Solidarität aus der Bevölkerung
Nach dem jüngsten Brand in Weidenstetten kam es zu Solidaritätsbekundungen aus der lokalen Bevölkerung, so der VDSR-BW. Demnach fand eine Spendensammlung statt, ein Ulmer Hotel stellte eine Übernachtungsmöglichkeit zur Verfügung und neue Wohnwagen wurden gespendet. Der Landesverband Deutscher Sinti & Roma setzte den Beauftragten der Landesregierung gegen Antisemitismus, Michael Blume, von dem möglichen antiziganistischen Anschlag in Kenntnis. Für eine Einschätzung war dieser allerdings nicht zu erreichen.
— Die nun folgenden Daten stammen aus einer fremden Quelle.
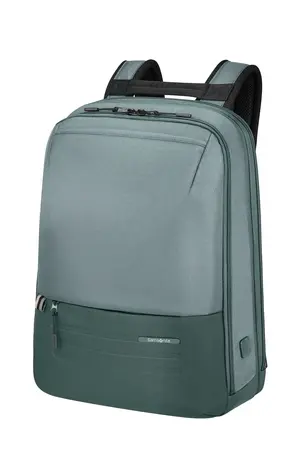 SAMSONITE Batoh na notebook 17,3" StackD Biz Expander Forest, 34 x 21 x 47 (141472/1338)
„Sollte sich der Verdacht eines antiziganistischen Brandanschlags erhärten“, so Daniel Strauß als Vorstandsvorsitzender des VDSR-BW, „würden Erinnerungen an den Anschlag im Mai 2019 auf eine Roma-Familie in dieser Region geweckt.“ Nach diesem Anschlag verurteilte das Landgericht Ulm die fünf Täter im September 2020 wegen Vertreibung beziehungsweise gemeinschaftlicher Nötigung in 45 Fällen. Die Staatsanwaltschaft hatte eine Verurteilung wegen versuchten Mordes gefordert.